== Segment start ==

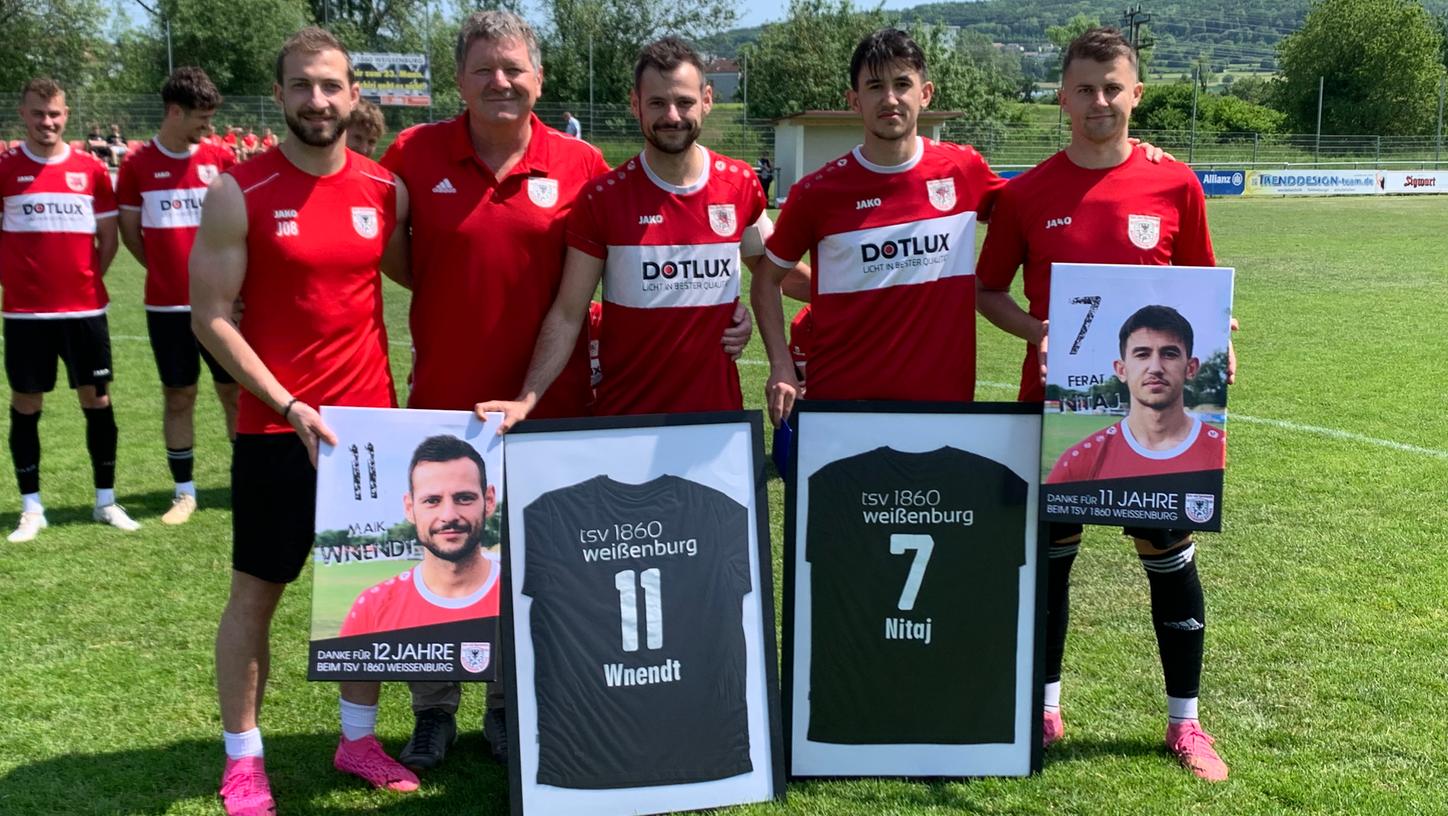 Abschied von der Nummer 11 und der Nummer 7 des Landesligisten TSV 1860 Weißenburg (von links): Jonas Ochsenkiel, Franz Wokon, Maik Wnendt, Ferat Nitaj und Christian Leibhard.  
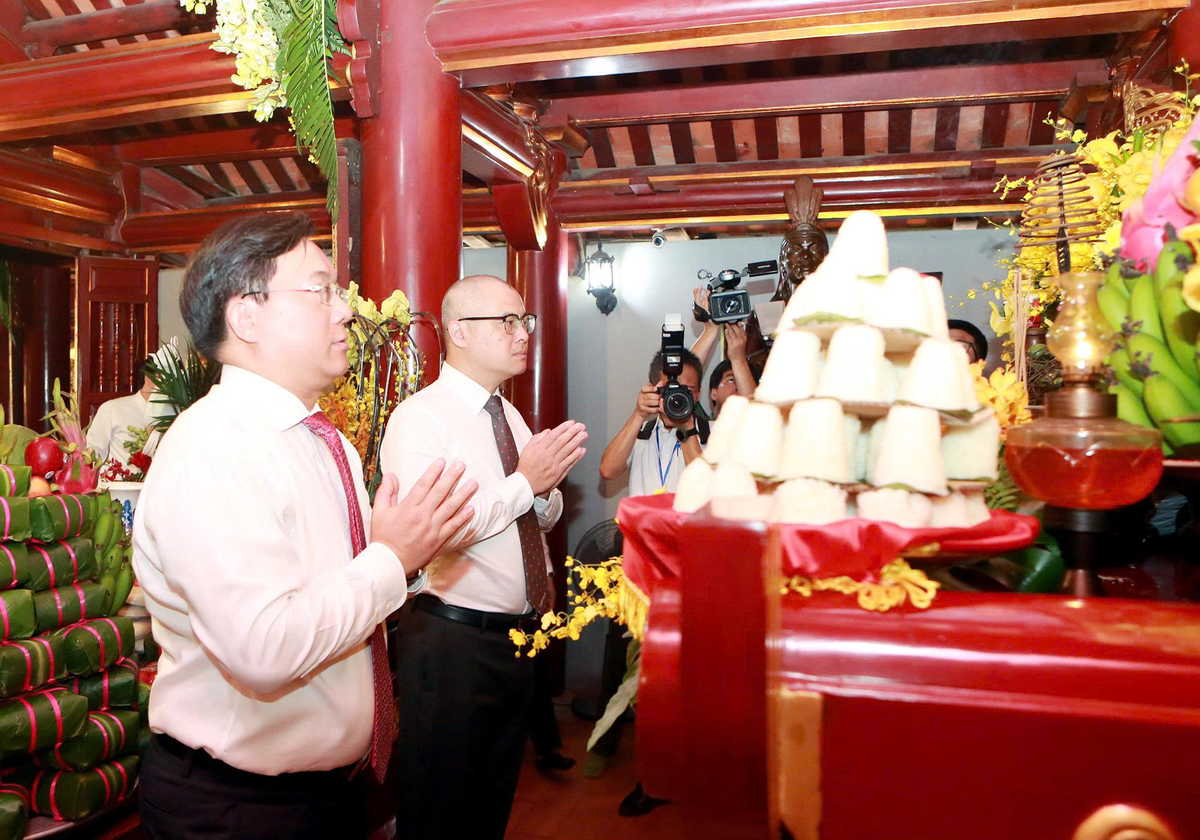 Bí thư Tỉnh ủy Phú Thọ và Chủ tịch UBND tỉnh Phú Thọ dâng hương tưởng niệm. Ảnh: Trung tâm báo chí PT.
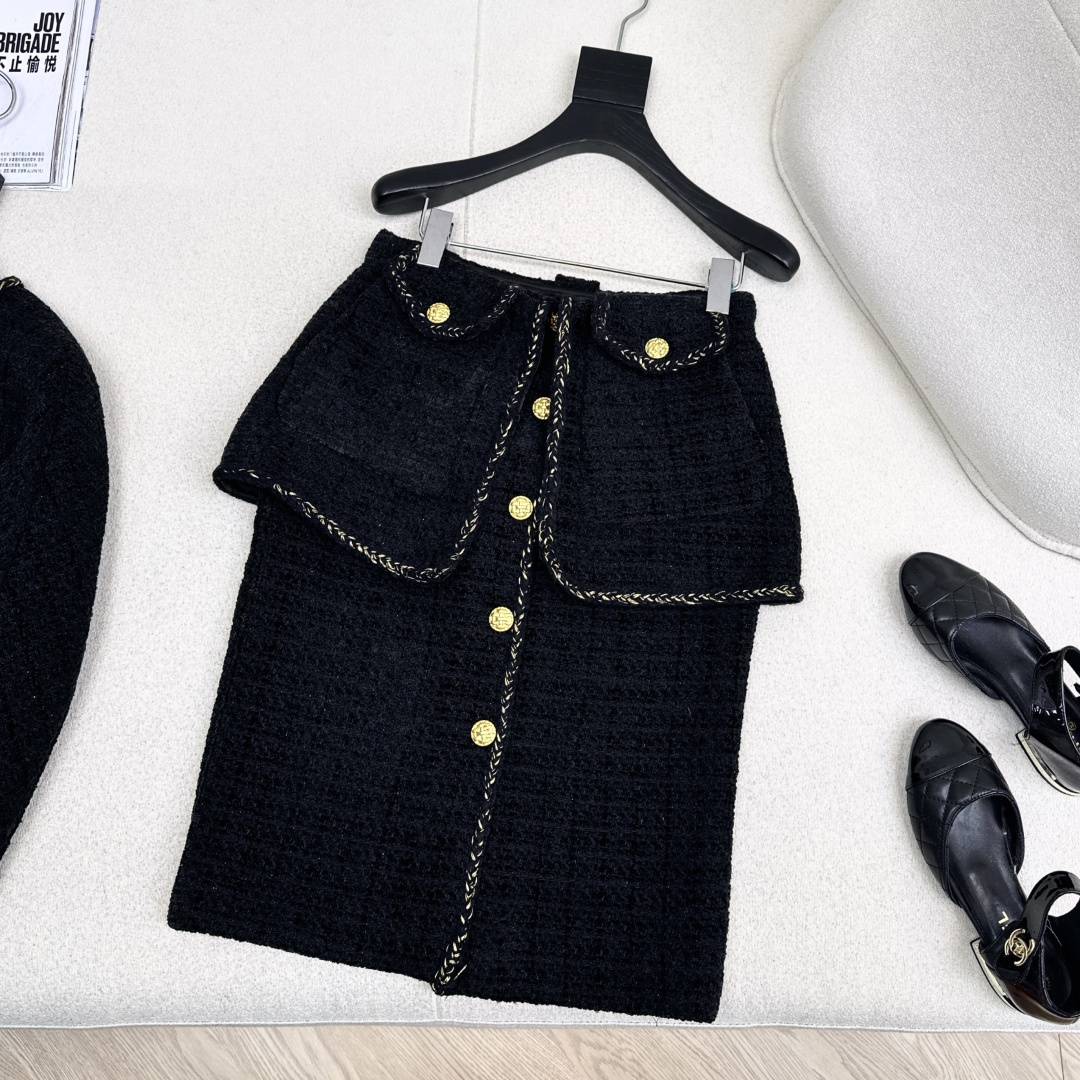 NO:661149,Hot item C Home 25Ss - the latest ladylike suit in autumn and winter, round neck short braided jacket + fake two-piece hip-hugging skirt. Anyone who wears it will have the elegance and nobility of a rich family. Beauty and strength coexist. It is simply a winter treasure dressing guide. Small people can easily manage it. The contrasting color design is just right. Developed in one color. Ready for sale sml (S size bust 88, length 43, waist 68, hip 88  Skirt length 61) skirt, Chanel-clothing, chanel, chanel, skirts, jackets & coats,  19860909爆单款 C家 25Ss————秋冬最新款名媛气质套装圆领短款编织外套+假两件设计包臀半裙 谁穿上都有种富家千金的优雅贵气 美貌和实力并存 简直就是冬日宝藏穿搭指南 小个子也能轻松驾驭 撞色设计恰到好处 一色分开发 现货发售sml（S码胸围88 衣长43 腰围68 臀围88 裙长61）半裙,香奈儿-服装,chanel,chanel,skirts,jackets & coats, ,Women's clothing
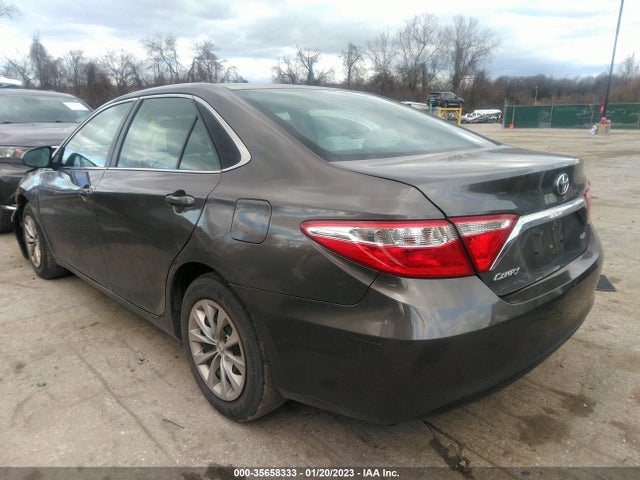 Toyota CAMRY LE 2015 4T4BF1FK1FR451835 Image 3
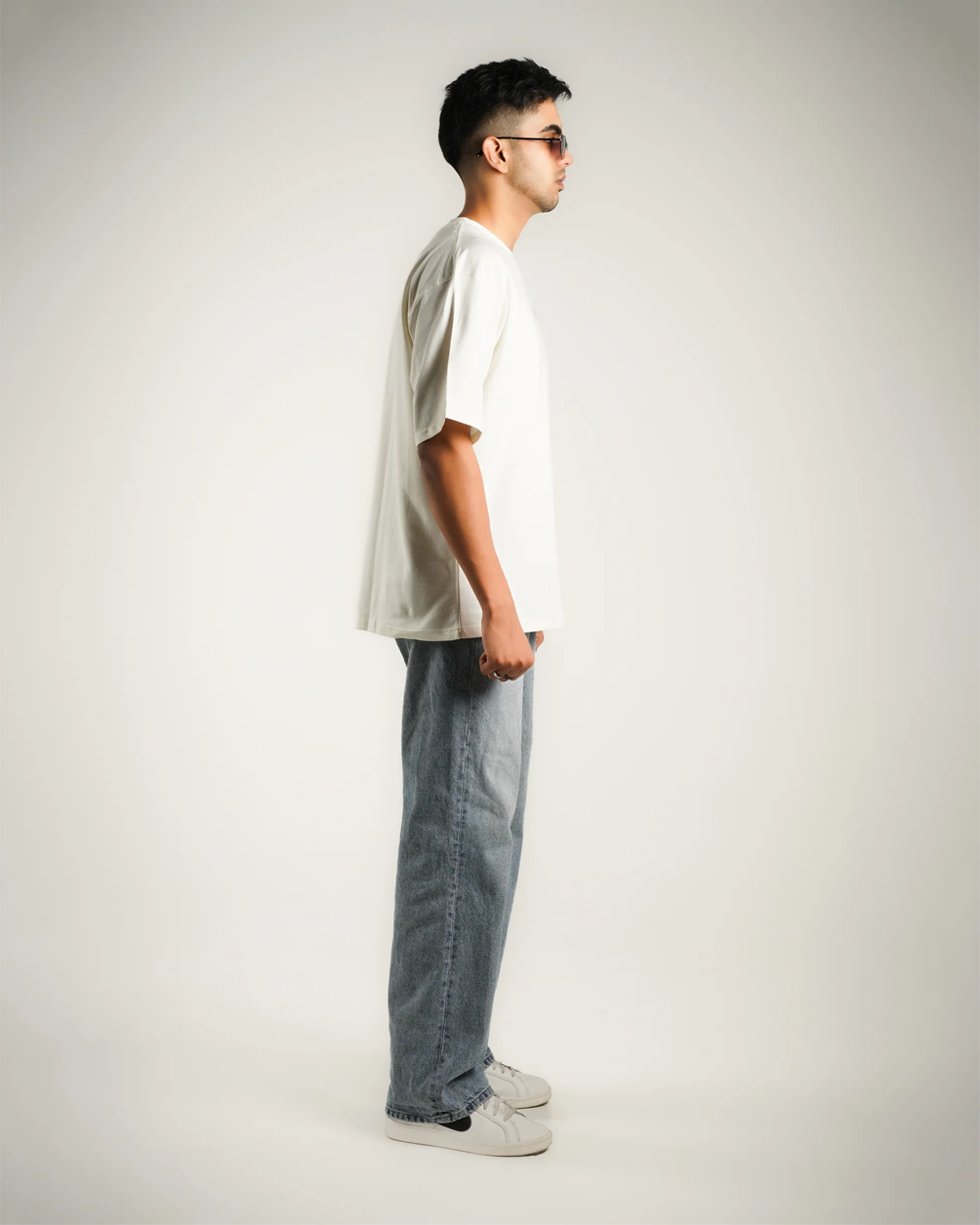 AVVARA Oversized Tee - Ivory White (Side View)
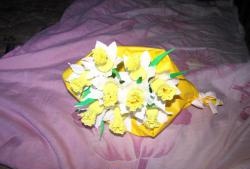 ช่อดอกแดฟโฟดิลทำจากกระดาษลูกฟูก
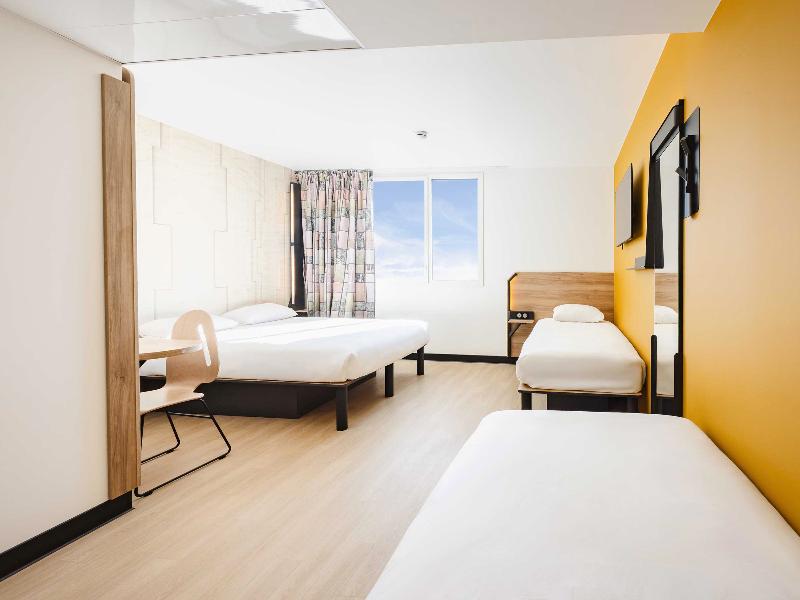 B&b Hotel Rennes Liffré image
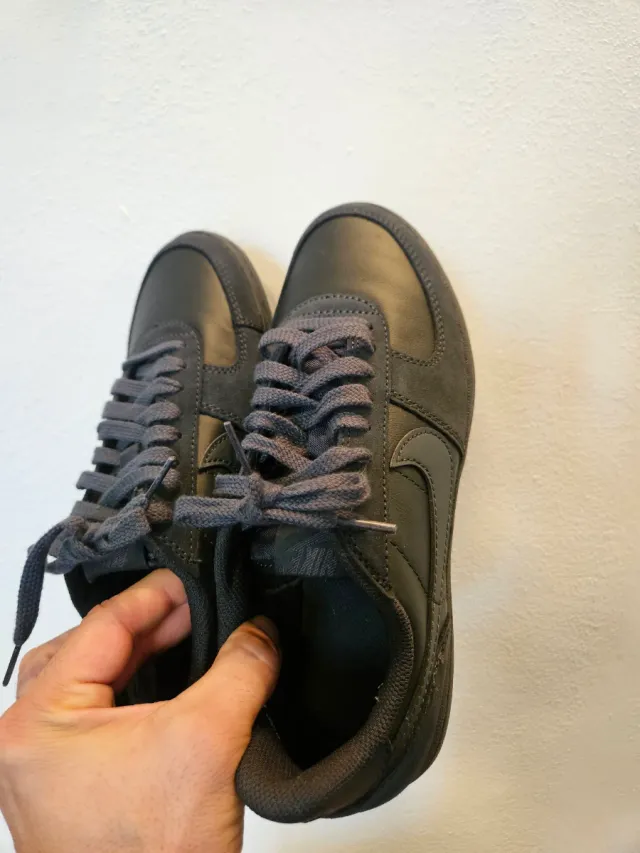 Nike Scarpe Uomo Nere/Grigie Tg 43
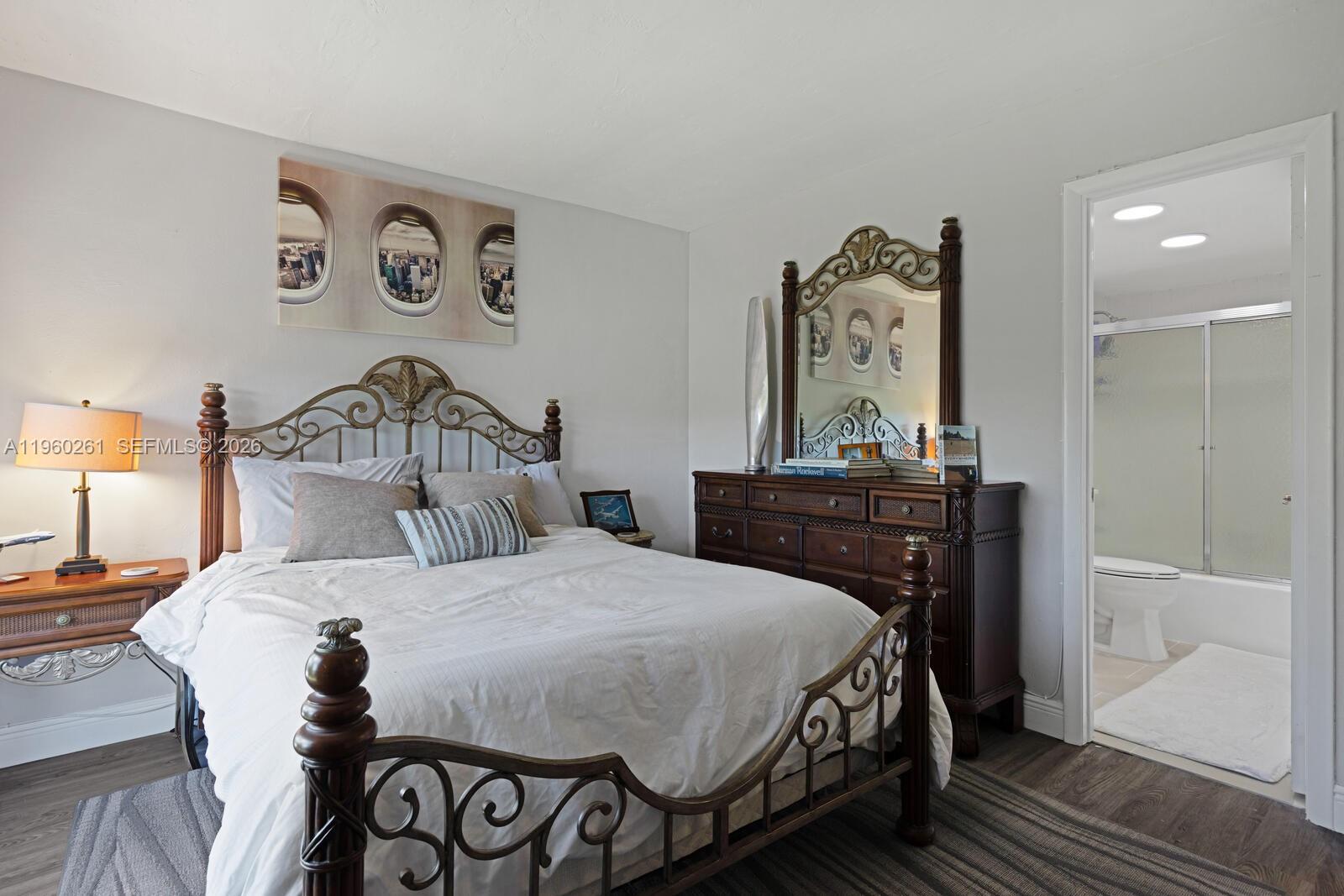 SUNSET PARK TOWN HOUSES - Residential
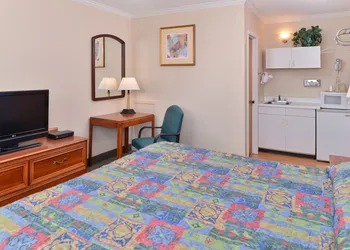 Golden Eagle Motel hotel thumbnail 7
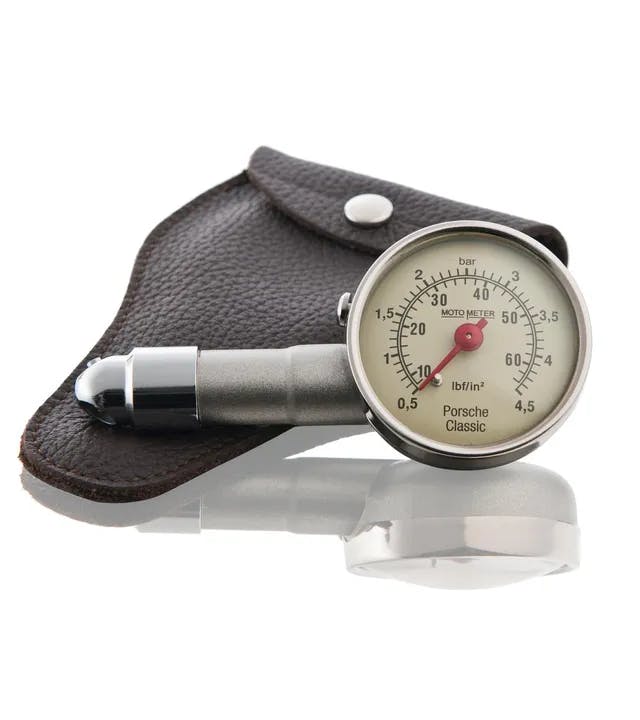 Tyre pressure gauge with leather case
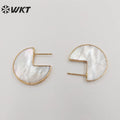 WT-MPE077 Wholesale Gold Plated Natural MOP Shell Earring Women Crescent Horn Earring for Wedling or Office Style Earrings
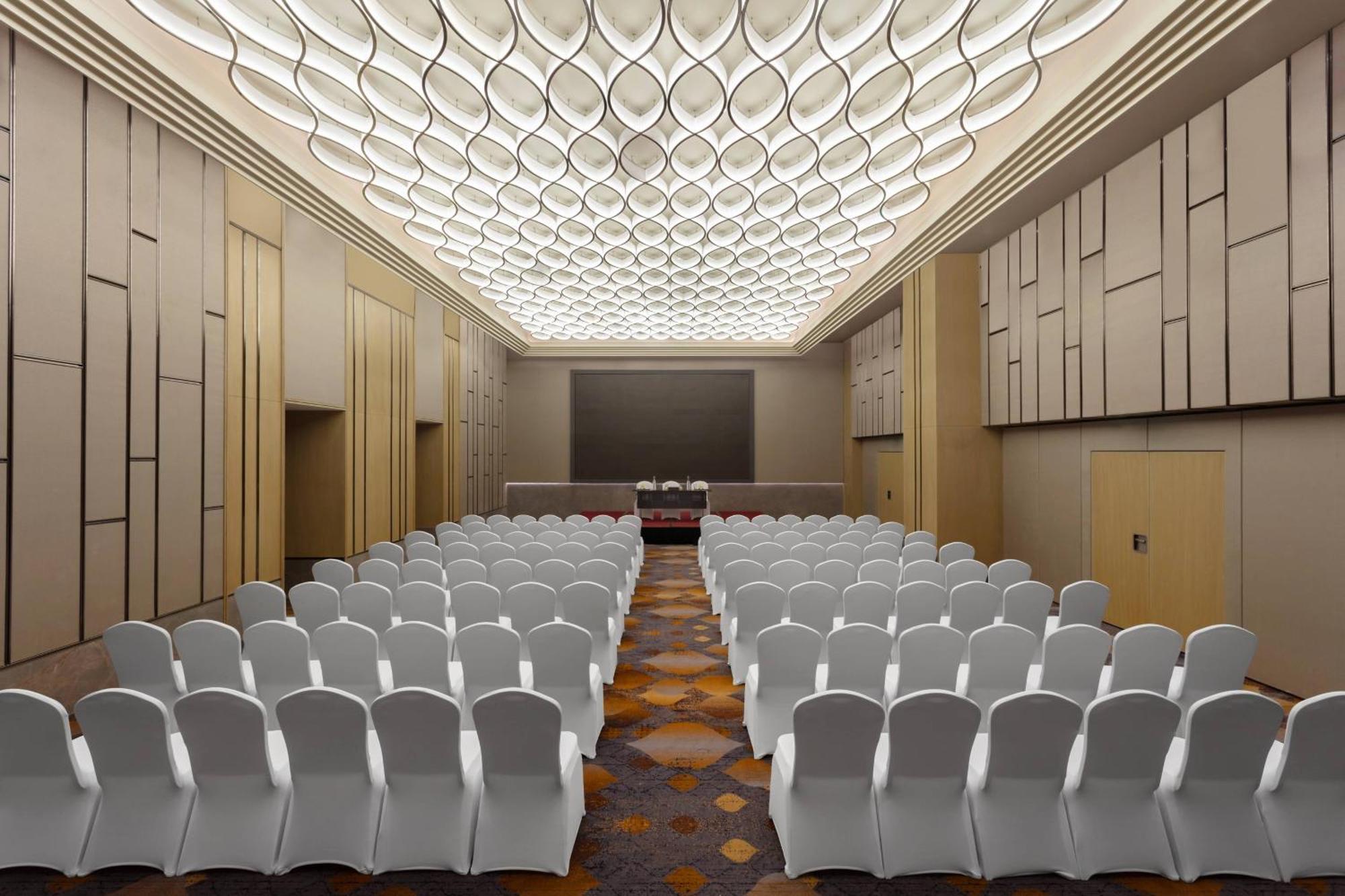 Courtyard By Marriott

== Segment end ==

== Exercise description ==
Except for the pictures, give the data again word for word.

== Result for this exercise ==
 Abschied von der Nummer 11 und der Nummer 7 des Landesligisten TSV 1860 Weißenburg (von links): Jonas Ochsenkiel, Franz Wokon, Maik Wnendt, Ferat Nitaj und Christian Leibhard.  
 Bí thư Tỉnh ủy Phú Thọ và Chủ tịch UBND tỉnh Phú Thọ dâng hương tưởng niệm. Ảnh: Trung tâm báo chí PT.
 NO:661149,Hot item C Home 25Ss - the latest ladylike suit in autumn and winter, round neck short braided jacket + fake two-piece hip-hugging skirt. Anyone who wears it will have the elegance and nobility of a rich family. Beauty and strength coexist. It is simply a winter treasure dressing guide. Small people can easily manage it. The contrasting color design is just right. Developed in one color. Ready for sale sml (S size bust 88, length 43, waist 68, hip 88  Skirt length 61) skirt, Chanel-clothing, chanel, chanel, skirts, jackets & coats,  19860909爆单款 C家 25Ss————秋冬最新款名媛气质套装圆领短款编织外套+假两件设计包臀半裙 谁穿上都有种富家千金的优雅贵气 美貌和实力并存 简直就是冬日宝藏穿搭指南 小个子也能轻松驾驭 撞色设计恰到好处 一色分开发 现货发售sml（S码胸围88 衣长43 腰围68 臀围88 裙长61）半裙,香奈儿-服装,chanel,chanel,skirts,jackets & coats, ,Women's clothing
 Toyota CAMRY LE 2015 4T4BF1FK1FR451835 Image 3
 AVVARA Oversized Tee - Ivory White (Side View)
 ช่อดอกแดฟโฟดิลทำจากกระดาษลูกฟูก
 B&b Hotel Rennes Liffré image
 Nike Scarpe Uomo Nere/Grigie Tg 43
 SUNSET PARK TOWN HOUSES - Residential
 Golden Eagle Motel hotel thumbnail 7
 Tyre pressure gauge with leather case
 WT-MPE077 Wholesale Gold Plated Natural MOP Shell Earring Women Crescent Horn Earring for Wedling or Office Style Earrings
 Courtyard By Marriott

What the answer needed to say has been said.